#### What to produce
Starting with the line with "Bradenton Beach, FL" in the entries below and going on through the line with "Foto del edificio - 1135 NW 6th Ave", output every line exactly and nothing more. No pictures.

#### Exercise inputs
=== Begin Enclosure ===
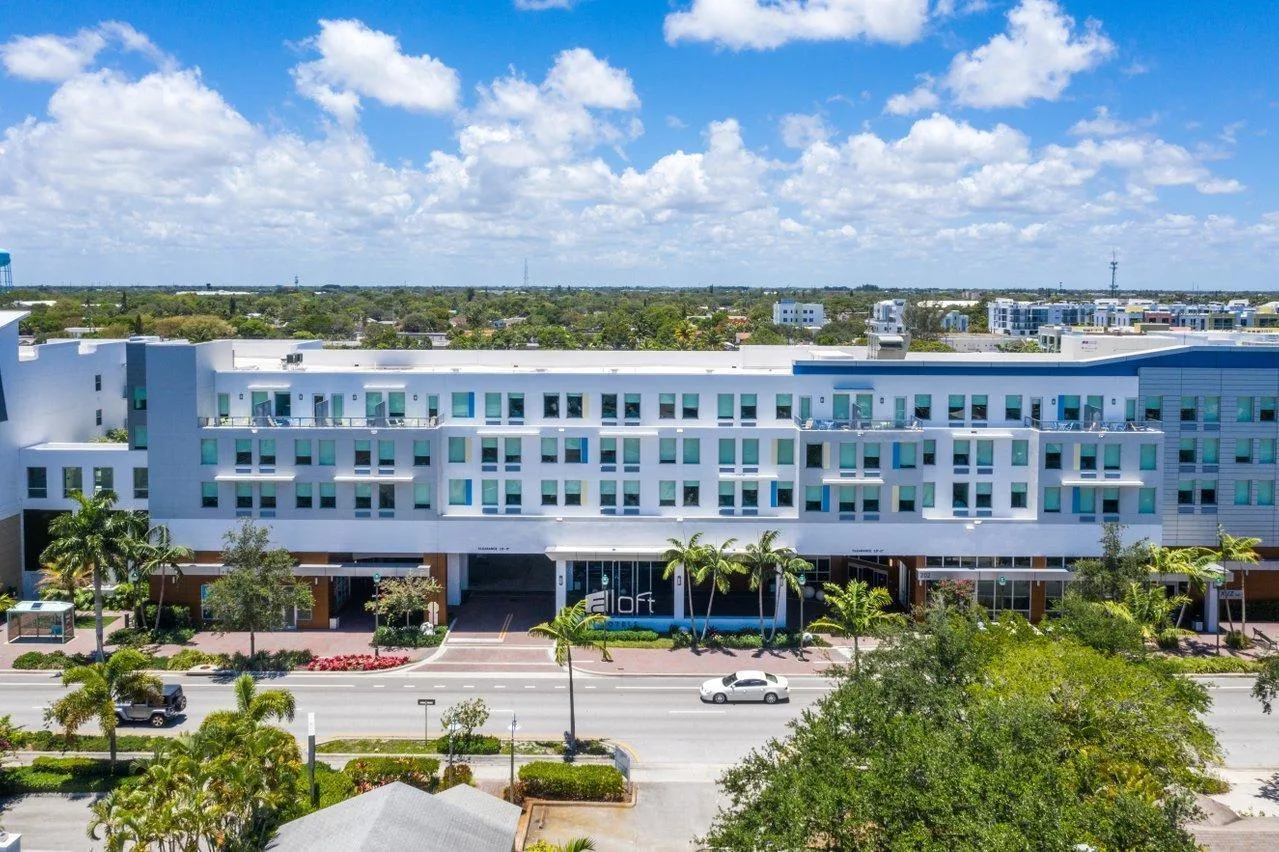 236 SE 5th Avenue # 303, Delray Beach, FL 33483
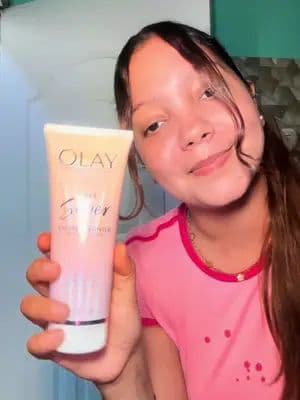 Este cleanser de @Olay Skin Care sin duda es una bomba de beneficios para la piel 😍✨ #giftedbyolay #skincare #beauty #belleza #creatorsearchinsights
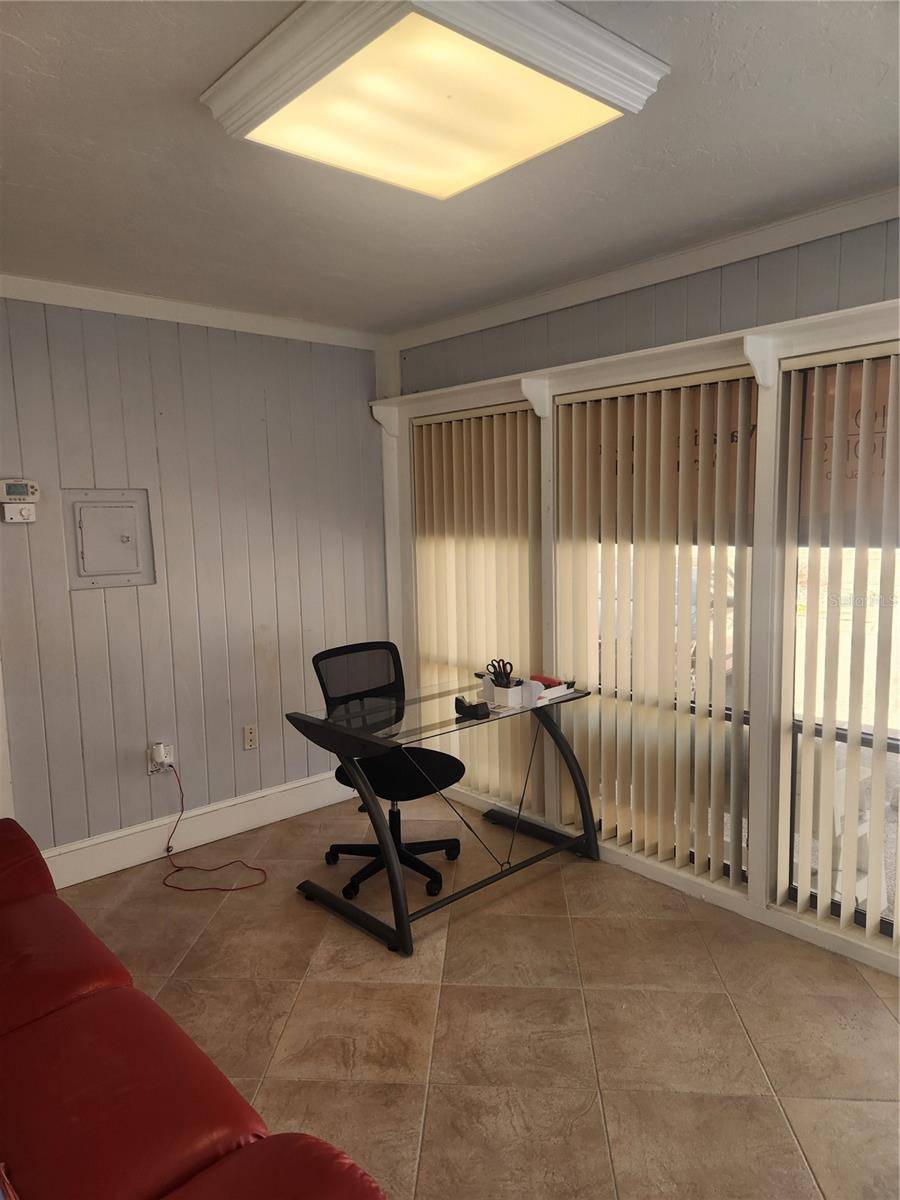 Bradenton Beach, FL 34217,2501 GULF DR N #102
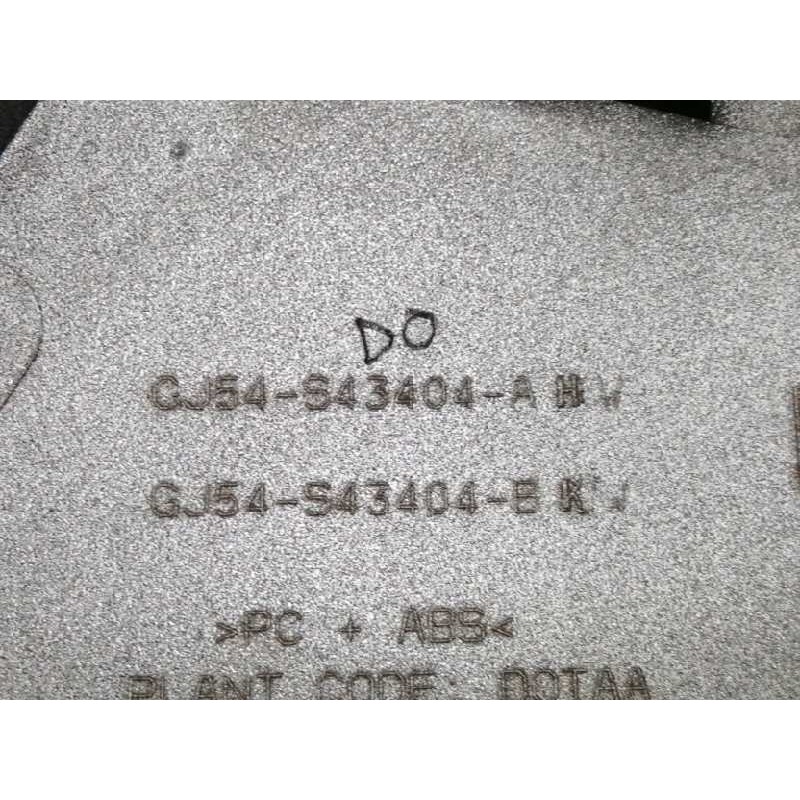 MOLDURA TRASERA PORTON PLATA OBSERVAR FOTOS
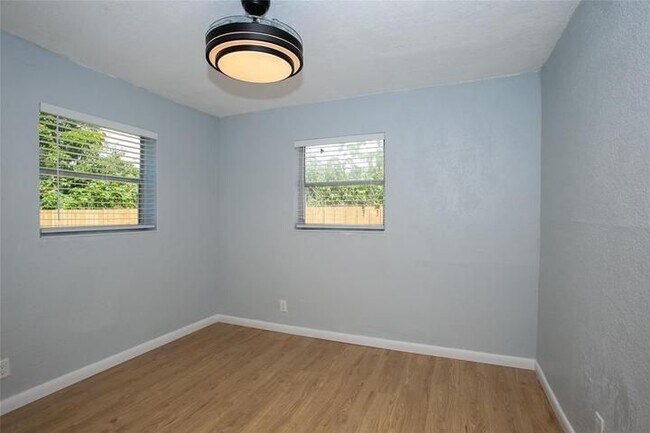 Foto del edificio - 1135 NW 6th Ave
=== End Enclosure ===
=== Begin Enclosure ===
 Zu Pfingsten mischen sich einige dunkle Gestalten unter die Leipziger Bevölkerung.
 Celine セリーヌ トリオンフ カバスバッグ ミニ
=== End Enclosure ===
=== Begin Enclosure ===
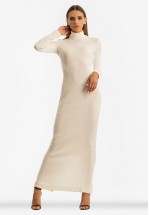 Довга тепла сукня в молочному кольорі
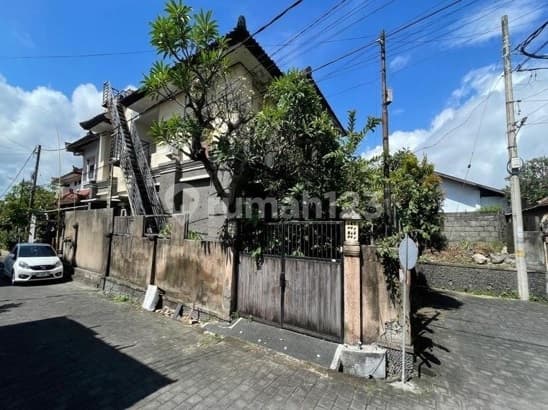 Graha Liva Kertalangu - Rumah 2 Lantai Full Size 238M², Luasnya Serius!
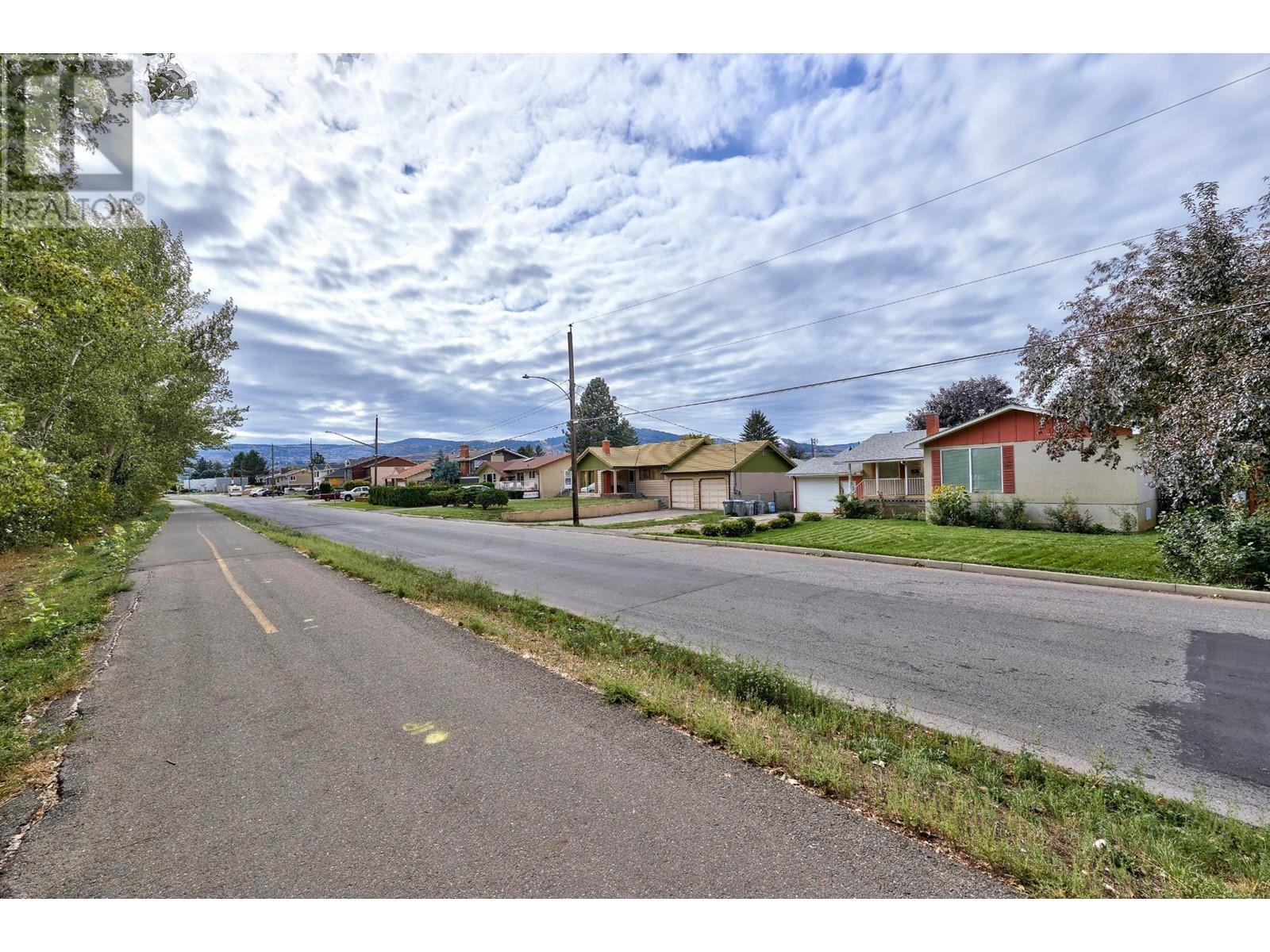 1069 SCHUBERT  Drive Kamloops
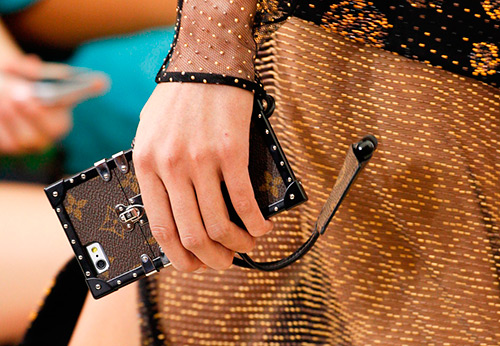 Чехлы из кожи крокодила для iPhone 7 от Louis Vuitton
=== End Enclosure ===
#### Written response
 Bradenton Beach, FL 34217,2501 GULF DR N #102
 MOLDURA TRASERA PORTON PLATA OBSERVAR FOTOS
 Foto del edificio - 1135 NW 6th Ave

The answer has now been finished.